How you capture a data point in Sitecatalyst determines which reports that data point is used in, and how that data point is used subsequently. That is why, at a simplistic level, you absolutely need to understand Traffic Variables, Success Events, Conversion Variables and Saint Classifications, and how Sitecatalyst treats each of them, in order to do a Sitecatalyst implementation properly. That makes implementations significantly more complicated than the need to be, and they make the impact of “bad” implementations much more catastrophic than they need to be.
In contrast, with Snowplow, no restrictions are placed on how you use any data based on how you choose to capture it. That is because data analysis is completely decoupled from data capture: we only enable you to capture and warehouse your data. You then do whatever you want with it, often in a different tool.
Given the two massive disadvantages to the tight data coupling, it seems only fair to ask if there are any benefits associated with it. There is one that is worth exploring: when you collect your data properly in Sitecatalyst, Sitecat then ensures that that data point accommodated in every report it features. By taking more effort earlier on (at implementation time) to get your data to fit into Sitecat’s rigid data model, you can then breathe easy down the line that anyone using the data via the UI is restricted so that they only use the data properly: they don’t, for example, mix dimensions and metrics with different scope.
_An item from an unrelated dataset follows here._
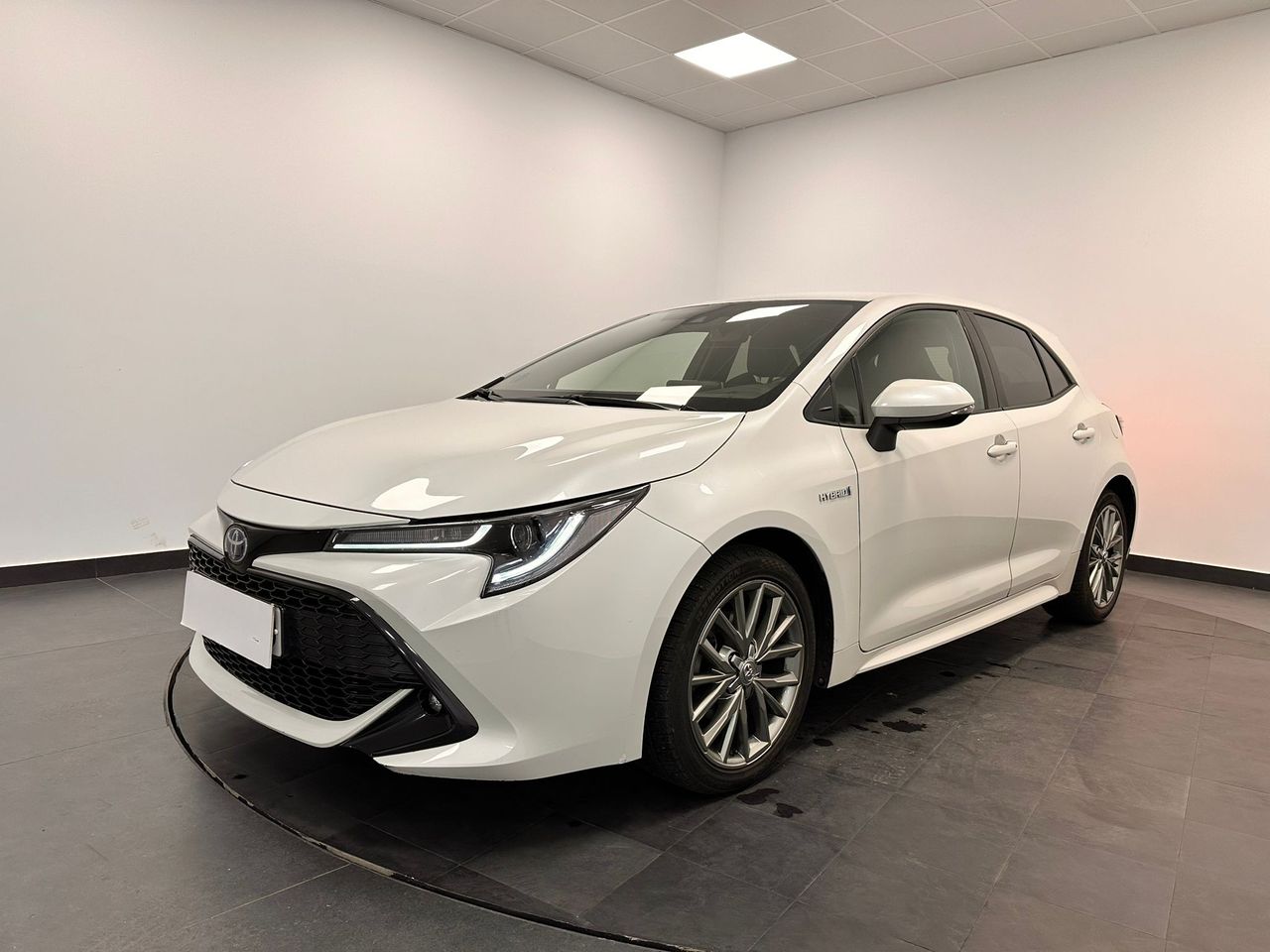 Evo evo  de segunda mano - toyota corolla 2019 /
We think this “advantage” is not really worth anything. We think it is much easier to work out what dimensions and metrics you should, and should not, plot against one another when you have the data in front of you, but that it is much harder when the data is just an idea at implementation time. Worse, if you cut your data in a way that doesn’t make sense down the line, it is an easy mistake to spot and fix. In contrast, if you stuff up a Sitecat implementation, it can be hard to fix, and costly, and you might have lost months of data in the meantime.
To Omniture’s credit, the two technical decisions made above were committed in the late 1990s, when the web looked very different, and so they were not such bad decisions. Since then, Omniture has had to accommodate growing complexity in the web by making incremental approaches to their platform, rather than reinventing the core platform with a fresh perspective, the way we’ve been able to with Snowplow. But that provides little comfort for the company that has to reimplement Sitecatalyst because they got the implementation wrong the first time.
Yes! Web analytics is hard. But tools like Sitecatalyst make it harder than it needs to be, especially at implementation time. The idea that implementing Sitecatalyst is more difficult than Google Analytics or Snowplow because Sitecatalyst is more powerful than GA is only partly true at best. It is more difficult because reporting and data capture are too tightly coupled, and the data model is totally unnatural to the uninitiated.